“I think I made it clear to your publishers I don’t like books like this. I don’t like family tell-all books, especially when it comes to families with fame and power,” McCain told Trump’s niece in a Thursday interview on ‘The View.’

She added she does not end up believing most what is written in books written by disgruntled family members because they are too “one-sided.”

“What do you say to people like me, who think this is just a great way for you to get paycheck right now?” McCain asked.

“If I had wanted some measure of revenge, if I had wanted to cash in, as you say, I would have done this ten years ago when Donald was still a very public figure,” Trump replied. 

Despite the book selling over one million copies in its first week of release, Trump also claimed she would have preferred not to publish it at all.

McCain also questioned Mary Trump’s credibility and suggested she may not be as close to the president’s immediate family as she claims to be, pointing to the lack of stories in the book about Trump’s children. Mary Trump countered that families are “complicated” and suggested McCain was trying to distract from her accusations against the president.

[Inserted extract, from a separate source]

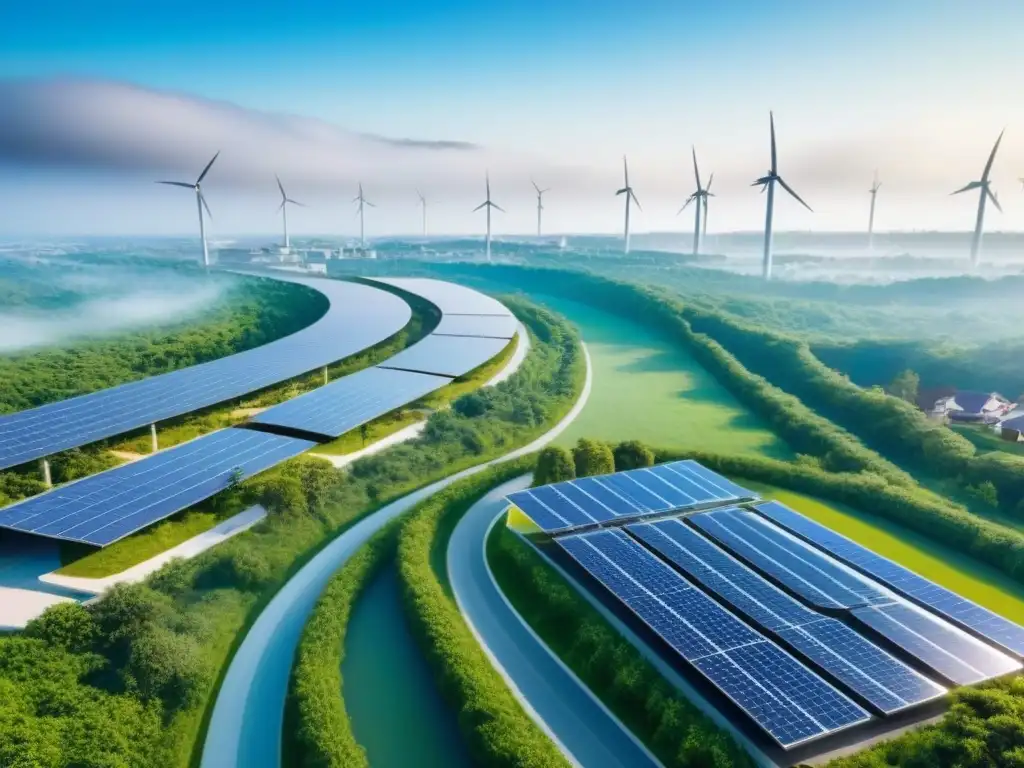 Complejo sostenible: arquitectura verde y naturaleza en armonía Inversiones sostenibles en el mercado inmobiliario: complejo arquitectónico verde con paneles solares y molinos eólicos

Many of President Trump’s critics on social media predictably did not take too kindly to the conservative McCain’s questioning of the author’s motives — and blasted her for daring to question the legitimacy of the book, casting Mary Trump as a hero for batting away McCain’s criticisms.

Among the allegations in the book is that the president paid someone to take the SAT test for him and that he has used racist and anti-semitic language in the past. 

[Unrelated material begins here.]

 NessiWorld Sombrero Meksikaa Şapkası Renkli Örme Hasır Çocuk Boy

Mary Trump has been making the rounds on mainstream media in recent days, but has rarely been pressed for details or proof of her stories — and has seemingly been used to confirm mainstream assumptions held by the president’s critics.

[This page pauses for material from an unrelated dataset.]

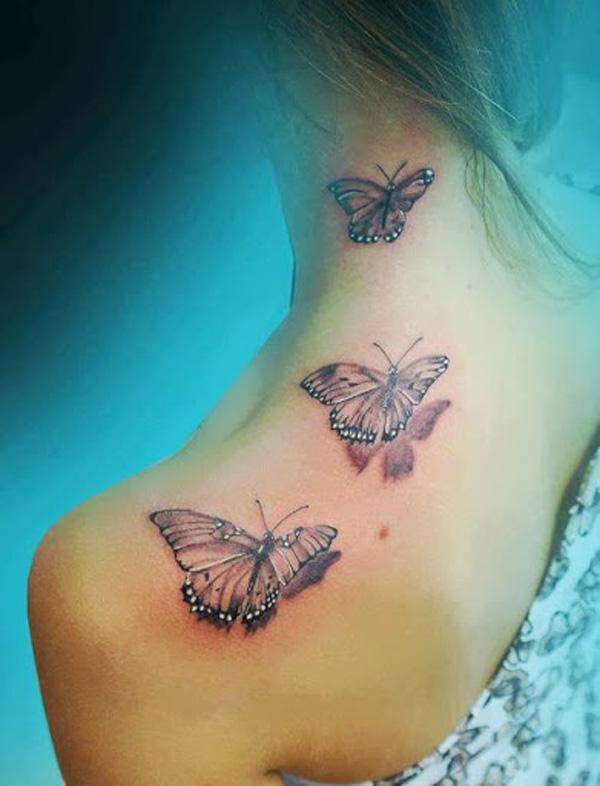 21 butterfly on shoulder girly tattoos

On a recent episode of the Rachel Maddow show on MSNBC, Trump was asked if she had ever heard the president use the N-word or antisemitic slurs. She said that “yes,” she had heard him use both and said such comments were commonplace in her family.

Conservatives have unsurprisingly been more skeptical of Mary Trump’s accusations and her motivation in publishing the tell-all book just months before the presidential election.

The White House has dismissed the book as full of “falsehoods” and denied the president has ever used prejudicial slurs.